What is IT governance anyway?

What is IT governance? What does it include or exclude? Who is responsible for it? These questions are frequently asked in the Blogosphere and elsewhere. Right now it’s the subject of some interesting discussion at Andrew Clifford’s IT Toolbox blog, which includes a good post by Andrew and some quality observations from others. However, the answers are less elusive than some debate suggests.

IT governance does have a formal definition: “IT governance is a framework for the leadership, organizational structures and business processes, standards and compliance to these standards, which ensure that the organization’s IT supports and enables the achievement of its strategies and objectives.” (IT Governance: Guidelines for Directors, p20.)

Because it deals with all aspects of governance of IT, it includes system governance. Andrew is absolutely correct in identifying that there are significant systems issues – and I would argue that these issues exist primarily because of an absence of IT governance, in the sense that the organizational governance framework has failed to consider what information and, therefore, what systems requirements the organization will have.

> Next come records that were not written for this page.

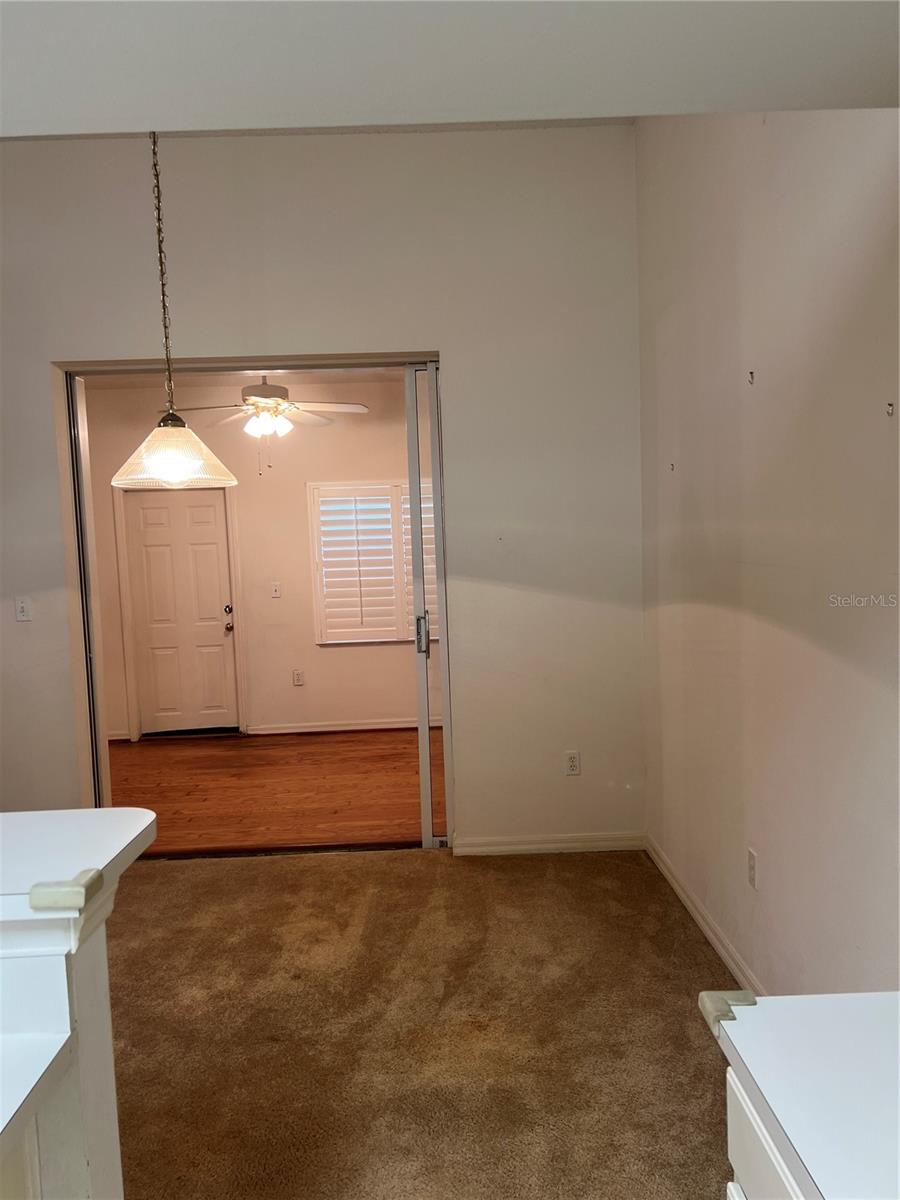SANDPIPER GOLF & COUNTRY CLUB PH 06 - Residential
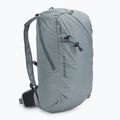 Дамска ски раница Deuter Freerider Lite 18 SL сива 330302240120 2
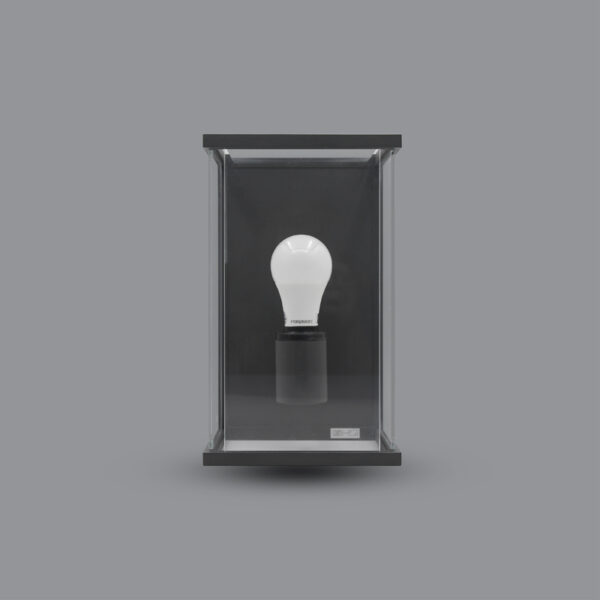 Đèn LED gắn tường PWLDD13L 7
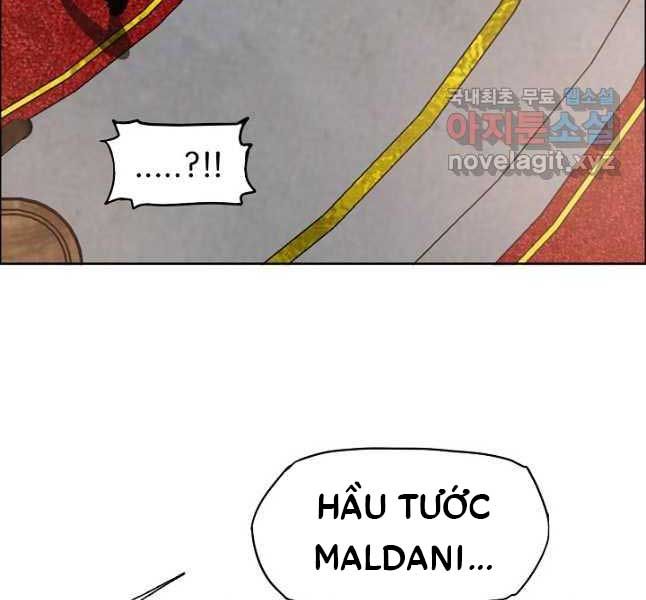 đọc truyện Bậc Thầy Kiếm Sư Chương 105 ảnh 146 tại Giả Dược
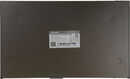 TENDA TEF1118P-16-150W Коммутатор в стойку 16-Ports 10/100 Base-TX + 2-Ports 10/100/1000 Base-T + 1-Port 1000 Base-X SFP 16-Ports PoE(PoE бюджет 130W)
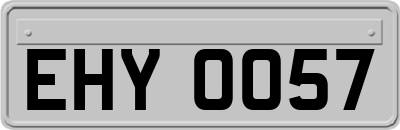 EHY0057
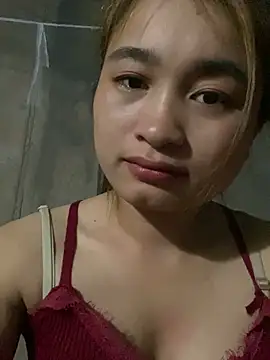 Snapshot of Cute-Sexyy chatting on 05-08-26, 03:28 Cute-Sexyy online show from 05-08-26, 03:28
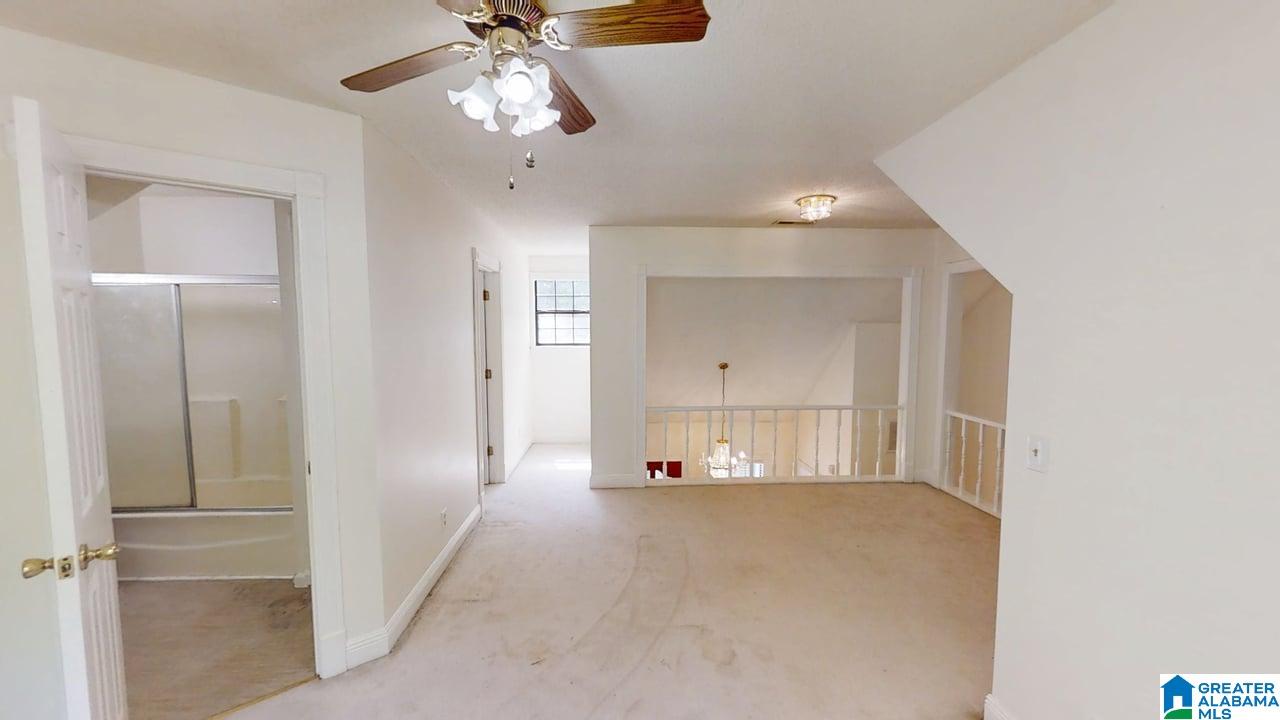 1704 Sharon Lane Jasper, AL 35504 - Photo 29 of 50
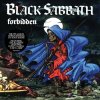 Black Sabbath: Forbidden (Remastered) - Black Sabbath Black Sabbath: Forbidden (Remastered) - Black Sabbath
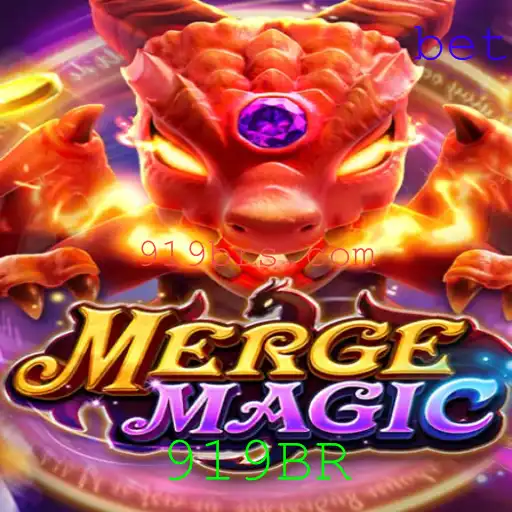 Explorando o Mundo Fascinante de Mergemagic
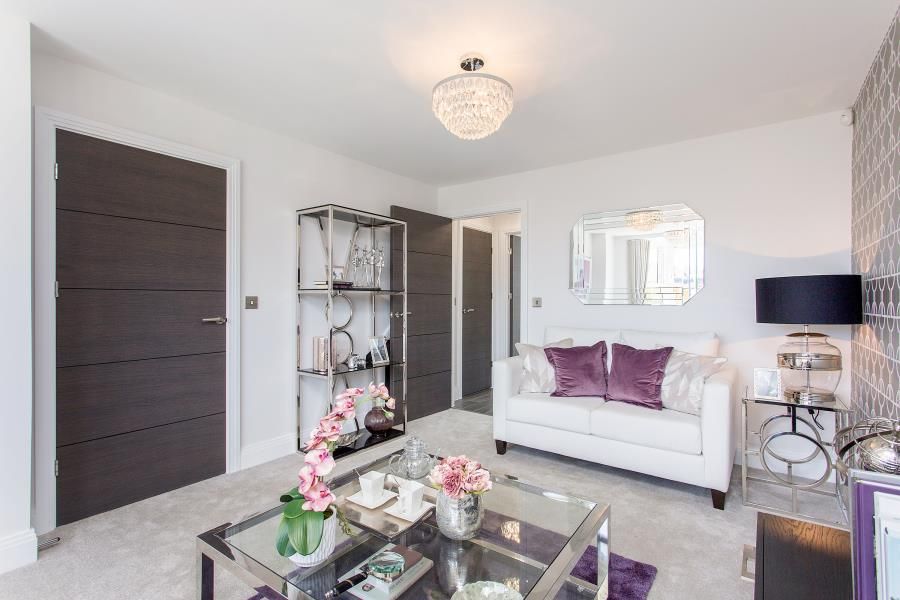 Property photo 3 of 8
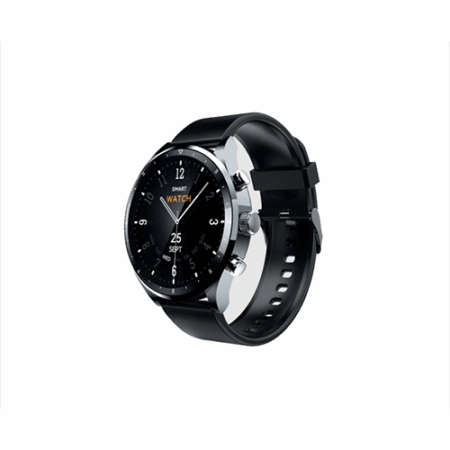 TECNO Watch Pro 2 5 | +254720548999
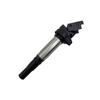 Car Ignition Coil Replacement for BMW Peugeot Citroen 12137575010 12137550012 UF598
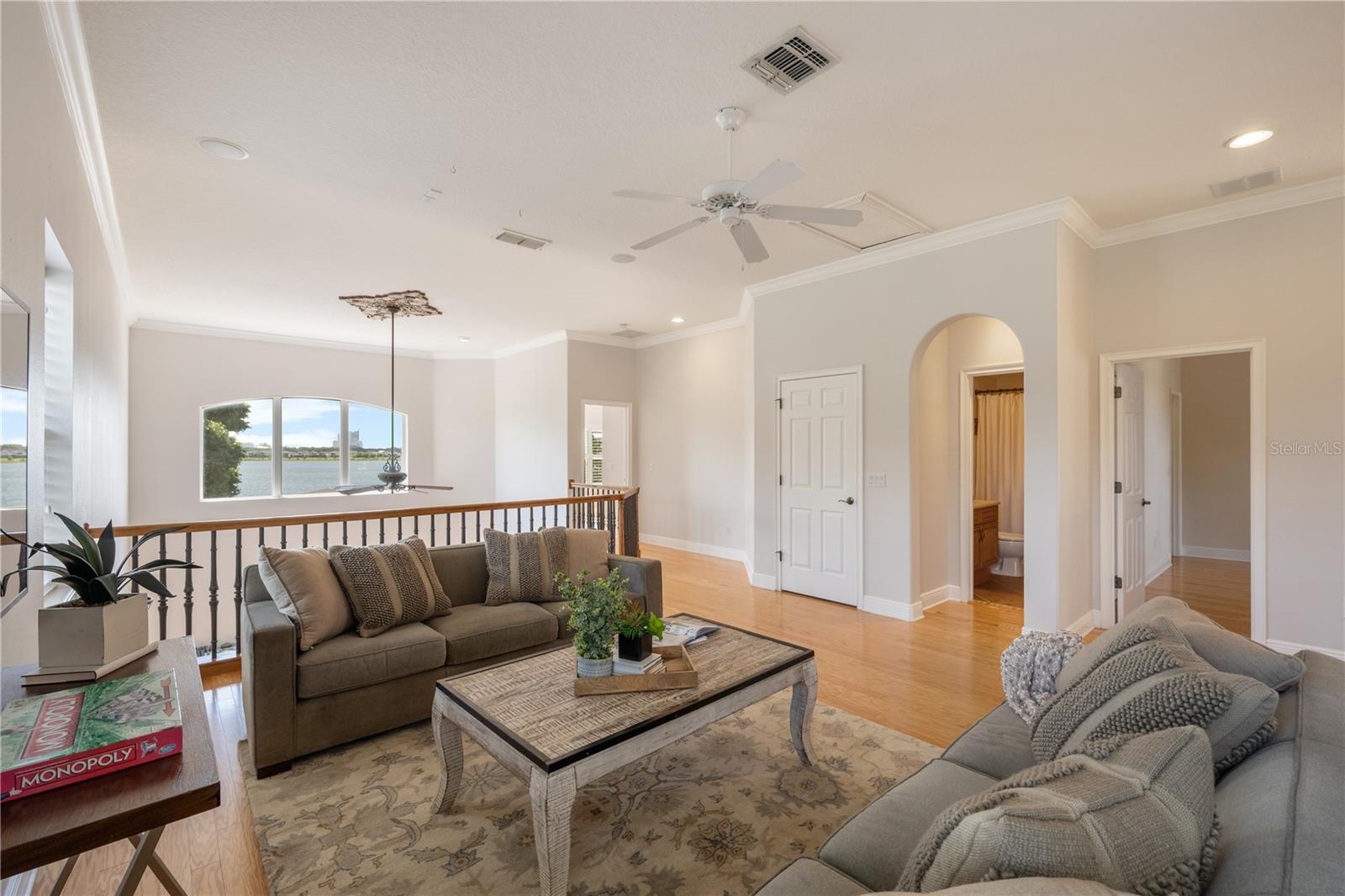 Image 31 of 60 For 8119 Via Rosa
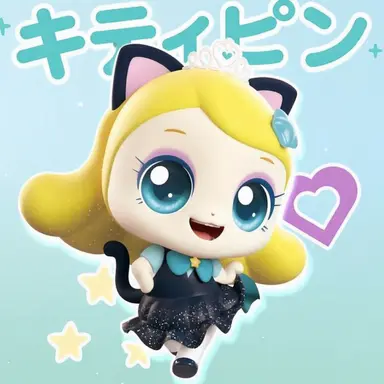Profile image of ヤウンピン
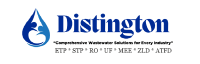 Top Water Treatment Plant Manufacturer - Distington India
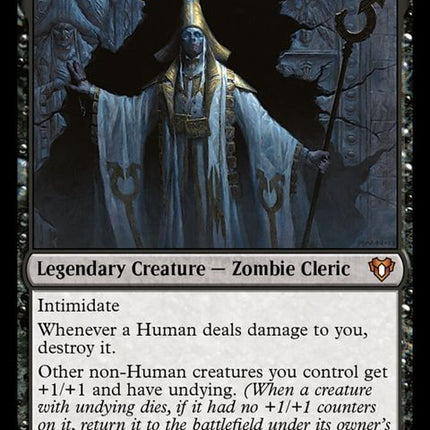 173-mikaeustheunhallowed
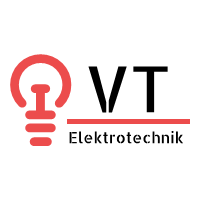 VT Elektrotechnik s.r.o.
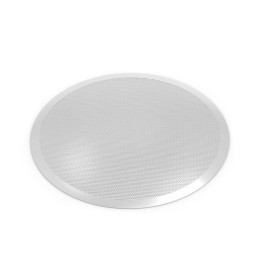 Фільтр металевий E&B LAB Aeropress Inox Filter 150 micron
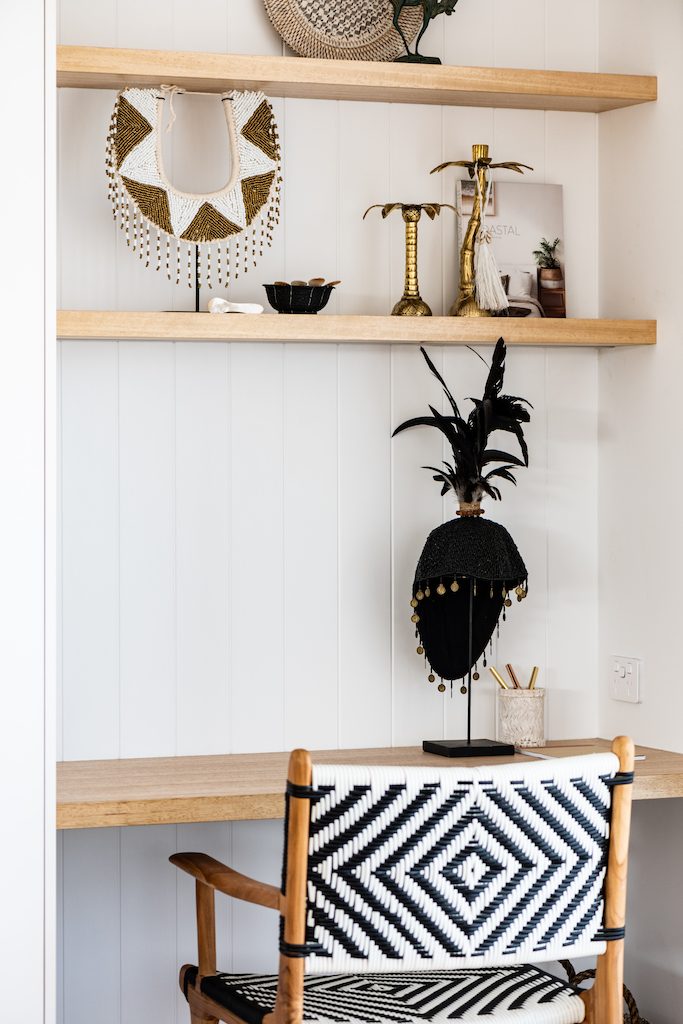 Style Apartment, Barwon Heads Pure Locations Location Hire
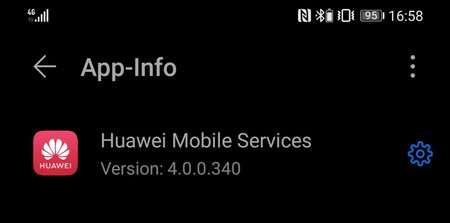 Screenshot_20200205_165841.jpg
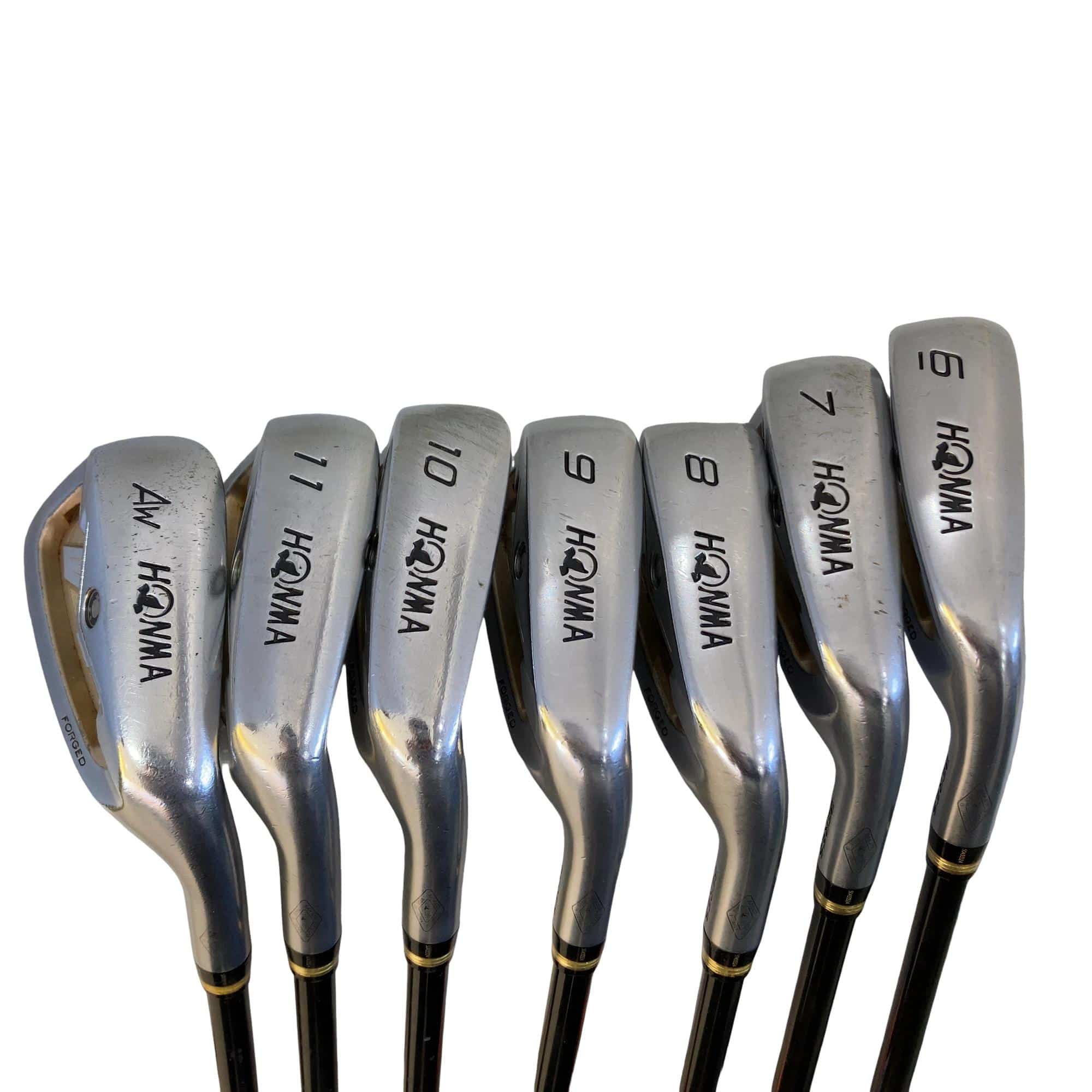 �a�d�q�d�r�@�h�r�|�O�Q�@�@�W�r�i���{���F�V�{�Z�b�g�j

IT governance should be owned by the board. It’s not an IT management responsibility any more than financial governance is a financial functional responsibility. Governance is the board’s job. The board is quite capable of governing IT, if it would only put its mind to it. There are a number of respectable IT governance frameworks that reflect this fundamental principle, including CobiT, the Australian Standard AS 8015:2005 and the IT Governance framework identified in ‘IT Governance Today: a Practitioner’s Handbook’.